#### Given information

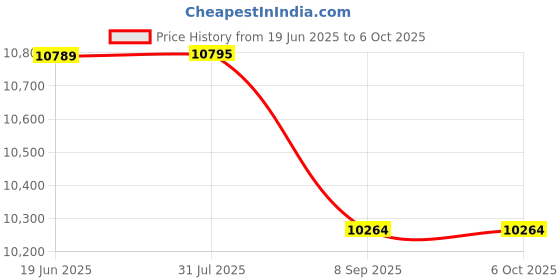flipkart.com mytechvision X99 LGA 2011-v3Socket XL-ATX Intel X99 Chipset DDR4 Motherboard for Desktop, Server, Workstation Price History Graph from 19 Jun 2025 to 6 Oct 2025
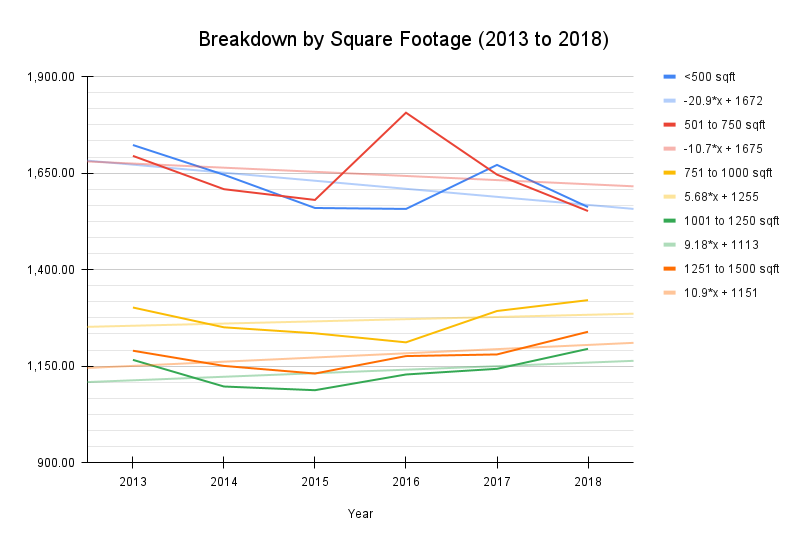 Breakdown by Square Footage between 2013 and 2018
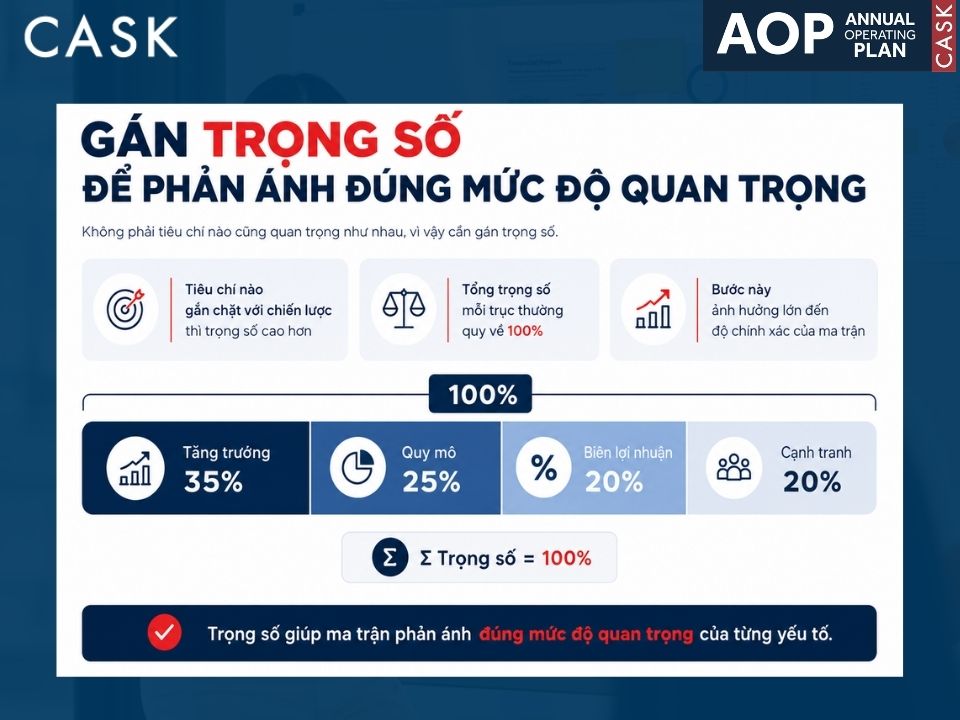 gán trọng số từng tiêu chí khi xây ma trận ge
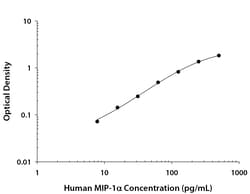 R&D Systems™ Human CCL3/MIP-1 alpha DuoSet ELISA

########

**Task goal:** Output all the material verbatim, skipping every image.

**Written answer:**
flipkart.com mytechvision X99 LGA 2011-v3Socket XL-ATX Intel X99 Chipset DDR4 Motherboard for Desktop, Server, Workstation Price History Graph from 19 Jun 2025 to 6 Oct 2025
 Breakdown by Square Footage between 2013 and 2018
 gán trọng số từng tiêu chí khi xây ma trận ge
 R&D Systems™ Human CCL3/MIP-1 alpha DuoSet ELISA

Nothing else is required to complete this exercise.